Ideally your code can merge into this repo as well to help many others.

Sep 04 '22 15:09 AArnott

Year, It would be really nice to have it here. @MiloszKrajewski What would your proposal be - should we create a K4os.Compression.LZ4.Buffers project? Alternatively it could be put in the core project but that would add a dependency on K4os.Hash.xxHash.

Sep 05 '22 06:09 rmja

I am working on generic approach, which is taking some time.

Generic, so it won't need separate implementation for other stream-like objects (and anything remotely looking like .GimmeNextBytes(N) and .HereAreSomeBytes(B) are streams, right?).
Generic, so it might be slower than yours.

I will return to it this weekend, I guess, I will finish it and do some performance testing. Depending how much slower my generic solution will be (I assume it must be slower, ust how much) I will make a call: generic or dedicated.

Sep 07 '22 18:09 MiloszKrajewski

@MiloszKrajewski An API that fits your two methods is PipeReader. If the LZ4 algorithm could operate based on that (and PipeWriter it would be able to interop with many modern APIs and be truly 'streaming'. But these APIs include async calls (ReadAsync and FlushAsync), and you'd want to bubble that up to the top-level public APIs.

Sep 07 '22 19:09 AArnott

I do not think that we need a home made generic abstraction. The implementation on top of ILZ4Decoder, etc is straight forward. Combine that with a Pipe, and it could maybe be the shim for the streams?

Sep 07 '22 19:09 rmja

@MiloszKrajewski An API that fits your two methods is PipeReader. If the LZ4 algorithm could operate based on that (and PipeWriter it would be able to interop with many modern APIs and be truly 'streaming'. But these APIs include async calls (ReadAsync and FlushAsync), and you'd want to bubble that up to the top-level public APIs.

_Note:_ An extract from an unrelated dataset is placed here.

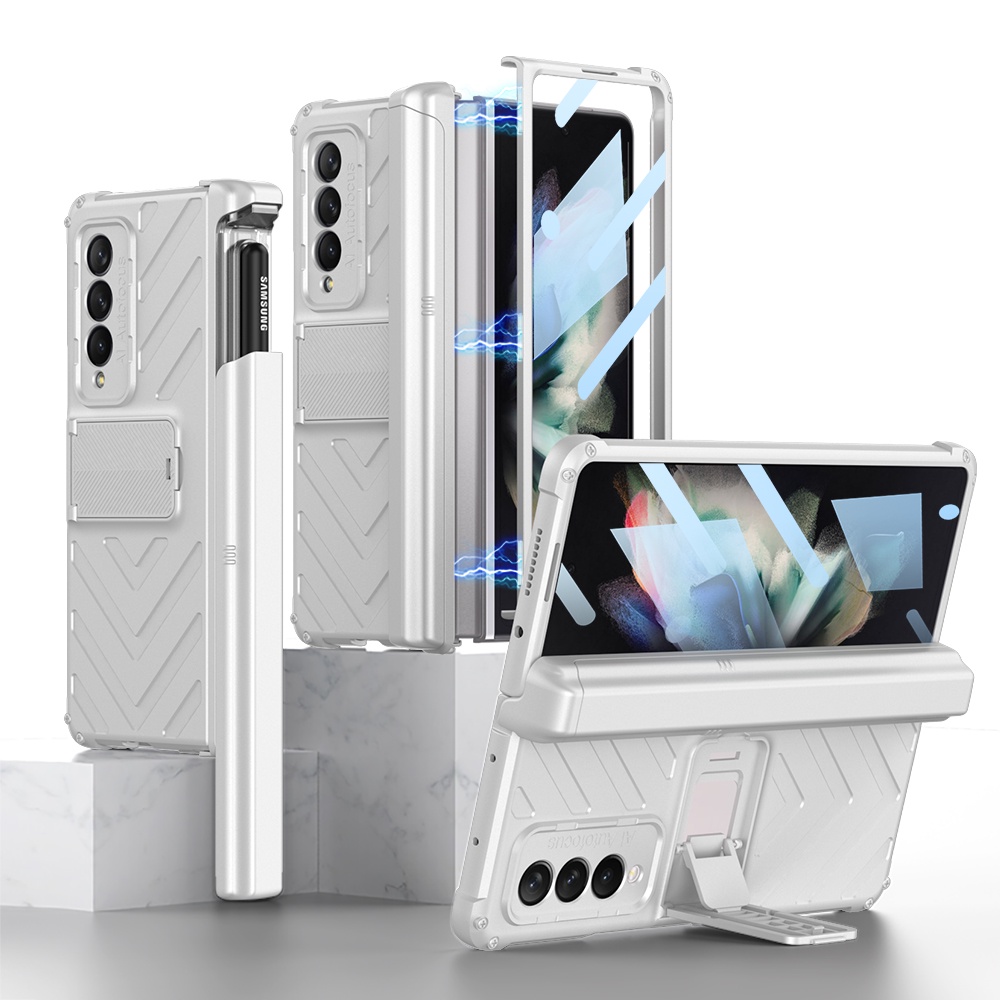 Ốp Điện Thoại Nắp Gập Từ Tính Có Ngăn Đựng Bút & Giá Đỡ Cho Samsung Galaxy Z Fold 4 5G Fold3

PipeReader sounds exactly what I need, but with 3 "buts":

I need it in .NET Standard 1.6 (am I ready to drop compatibility, maybe... I'm not sure),
it is relatively big (lots of method to fill, while I need 1 or 2)
I need Stream to be also PipeReader (and I guess PipeWriter)

As bad as it sounds "homemade" is the current state of the game.

public interface IStreamWriter
{
   int Write(byte[] buffer, int offset, int length);
   ValueTask<int> WriteAsync(byte[] buffer, int offset, int length, CancellationToken token);
   void AfterWrite(int written);
}

NOTE: it is an interface, but designed to be implemented as struct (therefore AfterWrite to allow post-WriteAsync updates, as struct and async don't play together well).

Sep 07 '22 21:09 MiloszKrajewski

I need it in .NET Standard 1.6

There is no Microsoft-supported runtime that supports .NET Standard 1.6 that doesn't also support .NET Standard 2.0 at this point. Check out this table. So AFAIK there is absolutely no reason to target anything less than .NET Standard 2.0.

I need Stream to be also PipeReader (and I guess PipeWriter)

I don't understand this point. If you mean you need an adapter between the PipeReader and Stream, those can be made. And in fact the Nerdbank.Streams nuget package (that I own) already implements these adapters. System.IO.Pipelines itself comes with a stream-as-PipeReader adapter nowadays too.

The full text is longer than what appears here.